# [SOLVED] quickpkq dostęp do dużej ilości paczek

## Daniel2006

witam 

W katalogu /var/db/pkg/... mam niektóre paczki, te które sam wcześniej kompilowałem, przydał by się dostęp do ich większej ilości. 

Ciekaw jestem czy można ustawić quickpkq tak aby sam, jak jest to rozwiązane przy emerge dociągał sobie potrzebne prekompilowane paczki np z internetu ?? 

z góry dzięki 

pozdrawiam DanielLast edited by Daniel2006 on Sun Nov 12, 2006 6:41 pm; edited 1 time in total

----------

## BeteNoire

Ustawiasz nie quickpkg a odpowiednią zmienną w make.conf: PORTAGE_BINHOST.

A poza tym:

http://gentoo-wiki.com/Special:Search?search=BINHOST&go=Go

Tyle, że po co Ci w takim razie Gentoo? Zainstaluj Debiana.

----------

## Arfrever

 *Daniel2006 wrote:*   

> W katalogu /var/db/pkg/... mam niektóre paczki, te które sam wcześniej kompilowałem, przydał by się dostęp do ich większej ilości.

 

Katalog "/var/db/pkg" to baza danych o zainstalowanych pakietach.

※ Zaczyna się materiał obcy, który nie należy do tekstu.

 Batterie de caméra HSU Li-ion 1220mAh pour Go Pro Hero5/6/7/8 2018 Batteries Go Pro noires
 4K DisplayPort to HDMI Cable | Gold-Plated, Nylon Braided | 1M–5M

Zarchiwizowane pakiety binarne umieszczane są w "/usr/portage/packages". Do ich tworzenia bardziej nadaje się opcja "-b" programu `emerge` niż postinstalacyjne użycie programu `quickpkg`.

 *Daniel2006 wrote:*   

> Ciekaw jestem czy można ustawić quickpkq tak aby sam, jak jest to rozwiązane przy emerge dociągał sobie potrzebne prekompilowane paczki np z internetu ??

 

`quickpkg` do tego nie służy.

Poczytaj `man emerge` ze zwróceniem szczególnej uwagi na "--getbinpkg (-g)".

Ale, co już wcześniej napisano, w Gentoo lepiej budować pakiety ze źródeł. Wyjątki: "openoffice" / "openoffice-bin" itp.

Sveikinu

Arfrever

----------

## Daniel2006

racja

na debianie się wychowywałem potem było freebsd też spoko a teraz gentoo, pytam z ciekawości  bo niektóre rzeczy w gentoo kompilować dłuuugo schodzi.  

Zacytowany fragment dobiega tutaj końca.